_Task to complete_
Each line from the one with "Aeroflow Performance Suit" through the final line of the entries below must be printed exactly, and the pictures must not be.

_Short text fragments from websites_

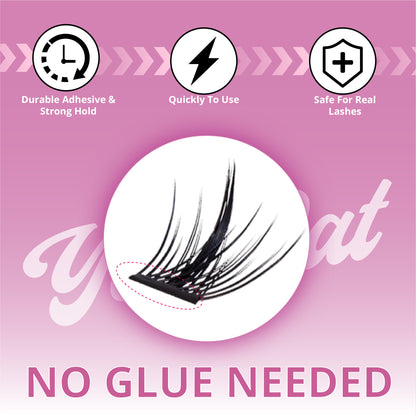 YOLOCAT Self-Adhesive Eyelashes Kit - Press On Lash Clusters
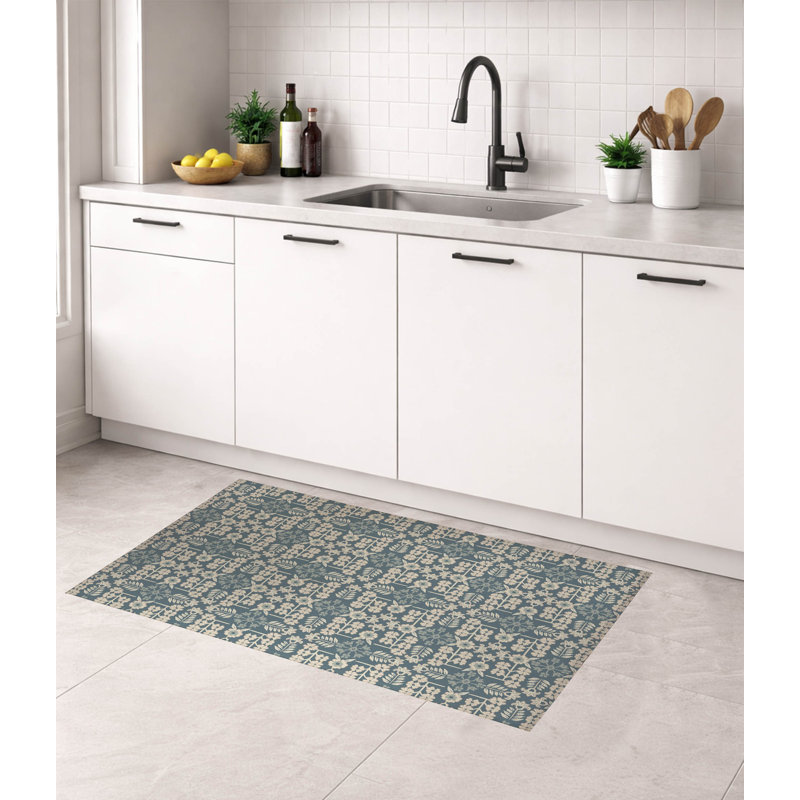 Madden Low Profile Kitchen Mat, Rectangle 3' x 2', Teal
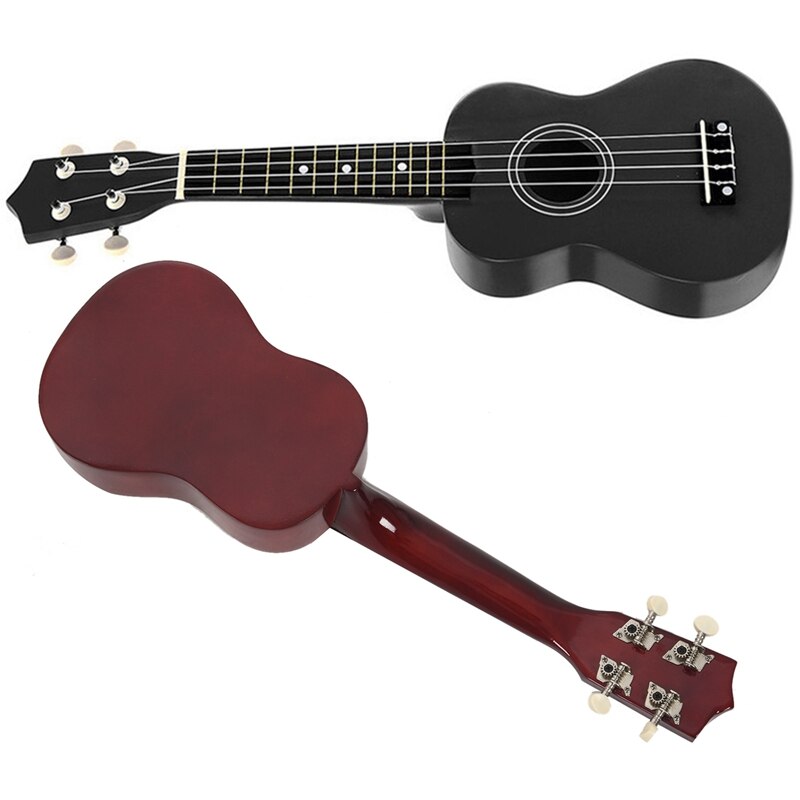 2 Set 21 Inch Sopraan Ukulele 4 Strings Hawaiian Gitaar Uke + String + Pick Voor Beginners Kid -natuurlijke & Zwart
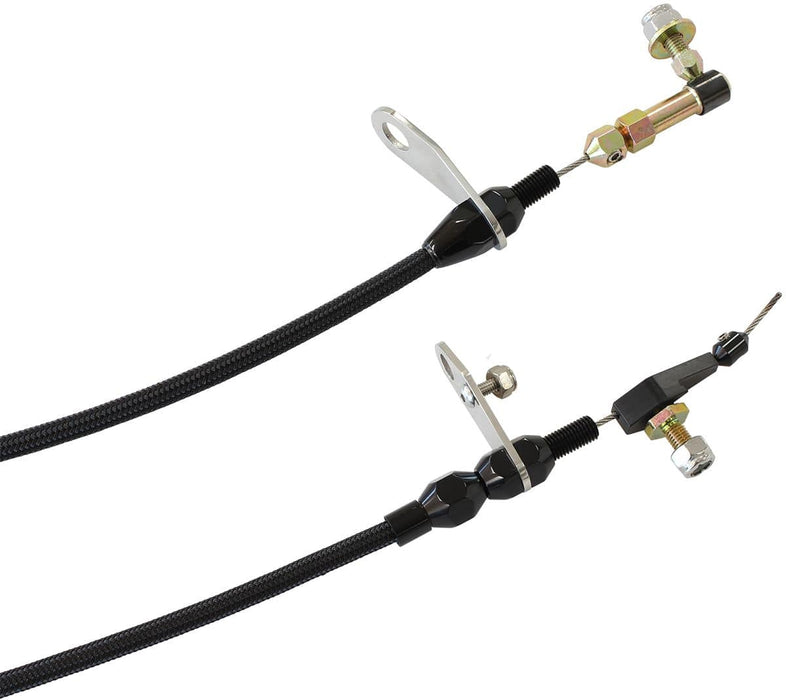 Aeroflow Performance Suit Chrysler Torqueflite 727 Transmission Kickdown Cable With Black Stainless Steel Cover & Black Ends AF72-7008BLK Autofit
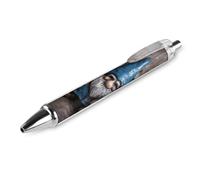 QMNBTES 1 Pack Retractable Black Ballpoint Pens for Smooth Writing 0.5mm Fine Point Fineliner Refillable Quick Dry Gel Ink Colorful Gnomes Rollerball Pens Comfort Grip for Journaling Note Taking
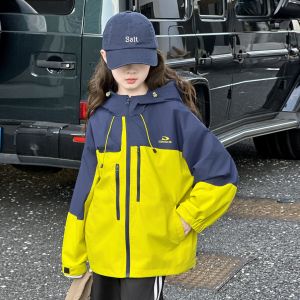 MPW | Girls Spring Autumn Loose Fit Color Block Korean Style Jacket Fashionable Outdoor Coat Warm Windproof Water Resistant Zipper Closure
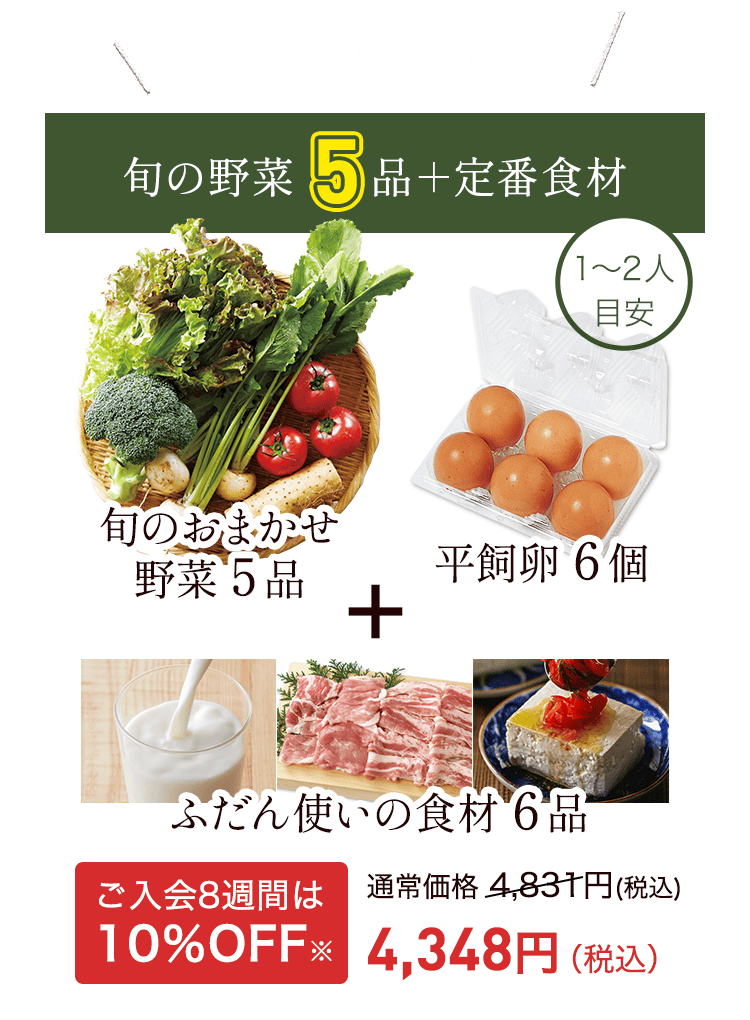 旬の野菜5品＋定番食材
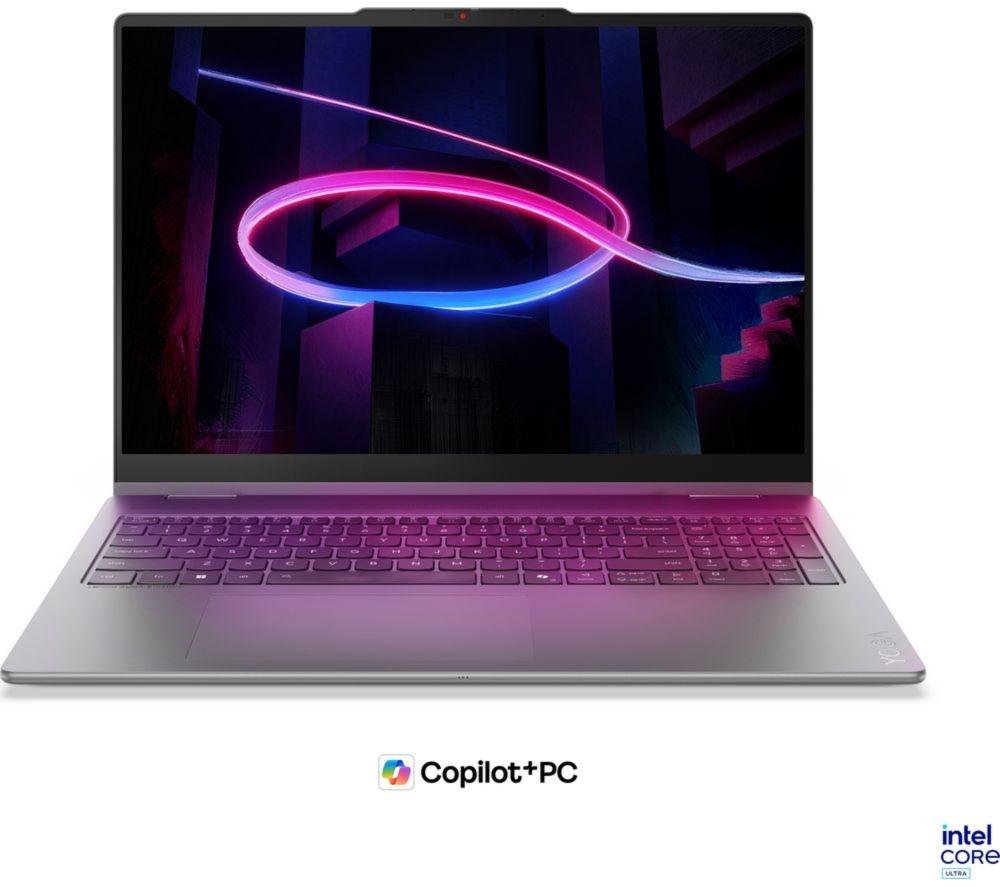 LENOVO Yoga 7i Aura Edition 16" 2 in 1 Laptop, Copilot+ PC - Intel&reg; Core&trade; Ultra 7, 512 GB, Luna Grey image number 2 of 12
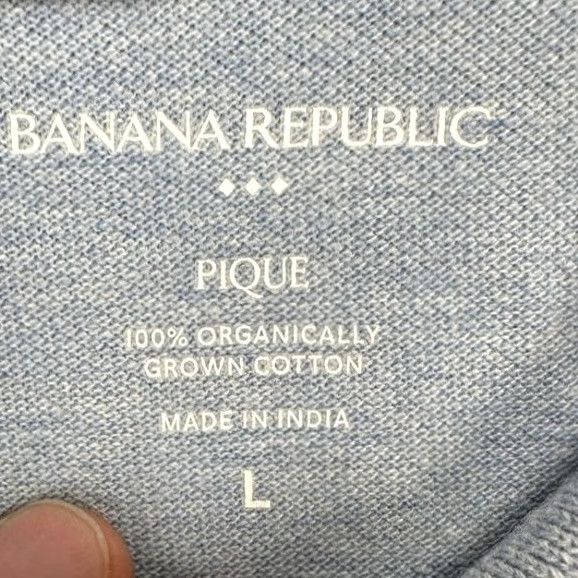 Banana Republic Banana Republic Shirt Mens L Blue Pique Men Polo Short Sleeve Casual Rugby Cotton Size US L / EU 52-54 / 3 - 5 Thumbnail
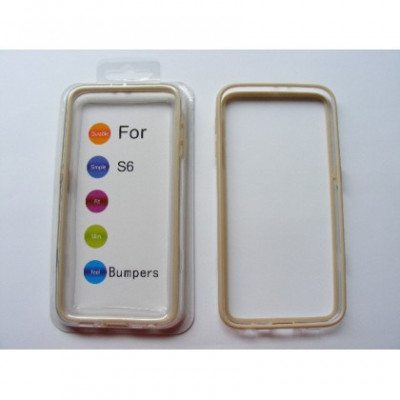 Husa Bumper Plastic Samsung Galaxy S6 (G920) Gold Blister foto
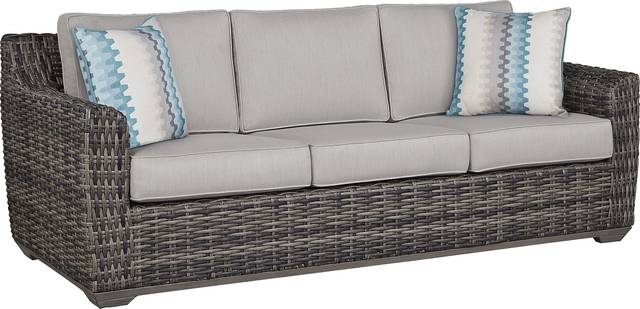 Cindy Crawford Home Montecello Gray 3 Pc Outdoor Seating Set with Silver Cushions - Thumbnail - Image 2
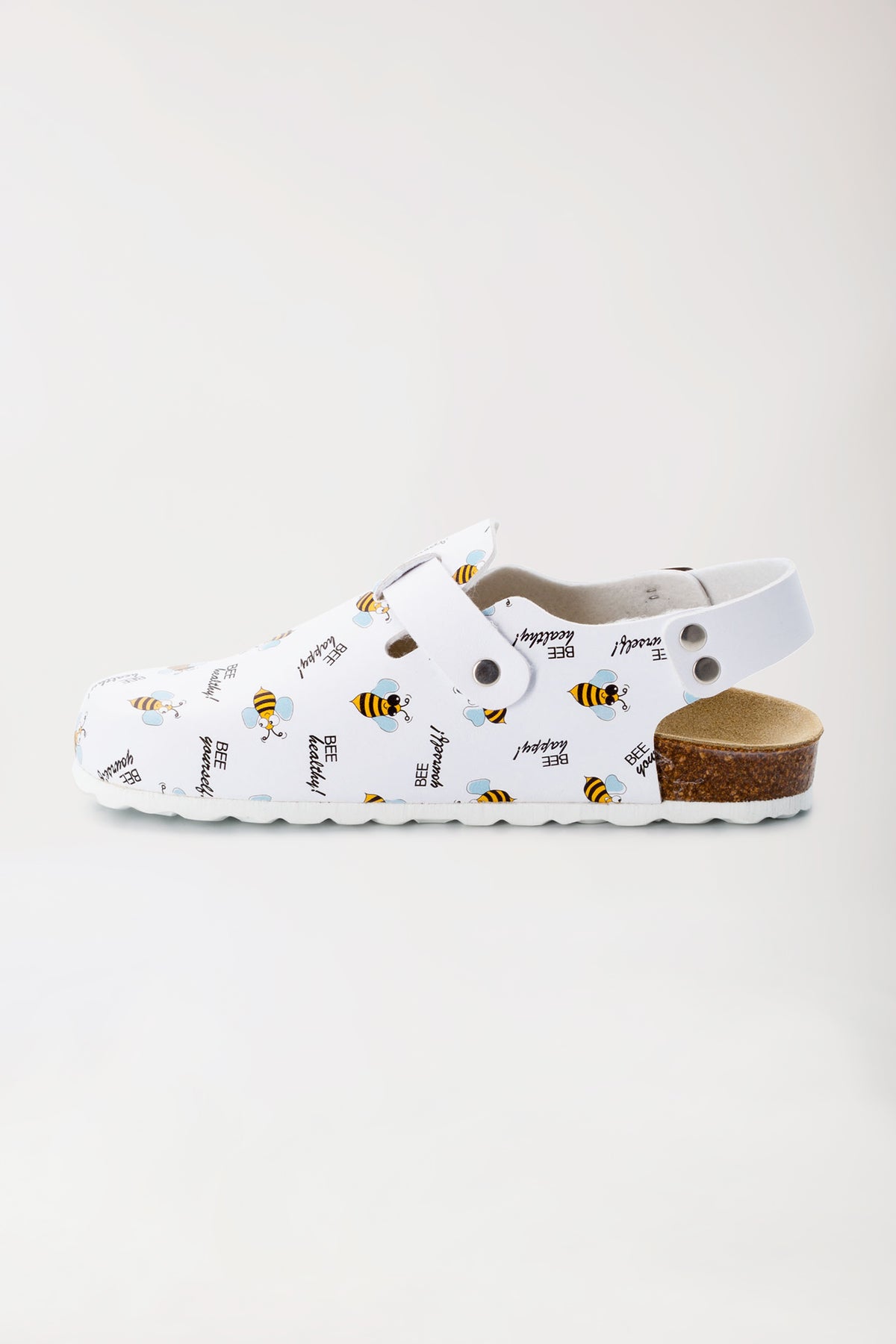 Unisex Clog weiss/gelb/schwarz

_Response area_
 Aeroflow Performance Suit Chrysler Torqueflite 727 Transmission Kickdown Cable With Black Stainless Steel Cover & Black Ends AF72-7008BLK Autofit
 QMNBTES 1 Pack Retractable Black Ballpoint Pens for Smooth Writing 0.5mm Fine Point Fineliner Refillable Quick Dry Gel Ink Colorful Gnomes Rollerball Pens Comfort Grip for Journaling Note Taking
 MPW | Girls Spring Autumn Loose Fit Color Block Korean Style Jacket Fashionable Outdoor Coat Warm Windproof Water Resistant Zipper Closure
 旬の野菜5品＋定番食材
 LENOVO Yoga 7i Aura Edition 16" 2 in 1 Laptop, Copilot+ PC - Intel&reg; Core&trade; Ultra 7, 512 GB, Luna Grey image number 2 of 12
 Banana Republic Banana Republic Shirt Mens L Blue Pique Men Polo Short Sleeve Casual Rugby Cotton Size US L / EU 52-54 / 3 - 5 Thumbnail
 Husa Bumper Plastic Samsung Galaxy S6 (G920) Gold Blister foto
 Cindy Crawford Home Montecello Gray 3 Pc Outdoor Seating Set with Silver Cushions - Thumbnail - Image 2
 Unisex Clog weiss/gelb/schwarz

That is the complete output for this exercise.